This blog is about the story of my family here in America. We arrived in the 1630s as Puritans, and became the common folk of the New World.

What the Puritans thought of Halloween


My family, the Puritans, didn't think of Halloween at all. It was just one of the many things that the Protestants had left behind, along with Popes, Priests, Saints, and all of the Catholic ritual of the Church of Rome and the Church of England. My family lived in a world immersed in their faith, every day, every hour, every minute. Their faith was not to be celebrated on holidays, it was to be celebrated with every breath they took. And if you can understand that, you can understand their attitude toward holidays such as Christmas and Thanksgiving. It was just another day to them. Just another holy day.

But, as Cotton Mather wrote in the The Magnalia Christi Americana, (The Glorious Works of Christ in America), in 1702, things started to go terribly wrong almost right away with the glorious hopes of the Puritans in America. During the declension, the high ideals of the Puritans became the horror of the fear of the devil.

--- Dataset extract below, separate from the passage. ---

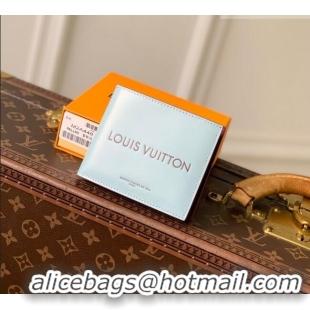 Buy Discount Louis Vuitton Portefeuille Marco Wallet in Blue Calfskin Leather M2A448 2026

Salem, Massachusetts, was to be the new Jerusalem, but instead it has gained notoriety for The Salem Witch Trials. And yes, the Puritans were to blame for deaths of many innocent people who were accused of witchcraft. So instead of building a city on a hill, the Puritans attacked. My 13th Great-Grandfather, the Reverend Samuel Stone, was an early attacker. He prosecuted one of the earliest witchcraft trials in Connecticut in 1646.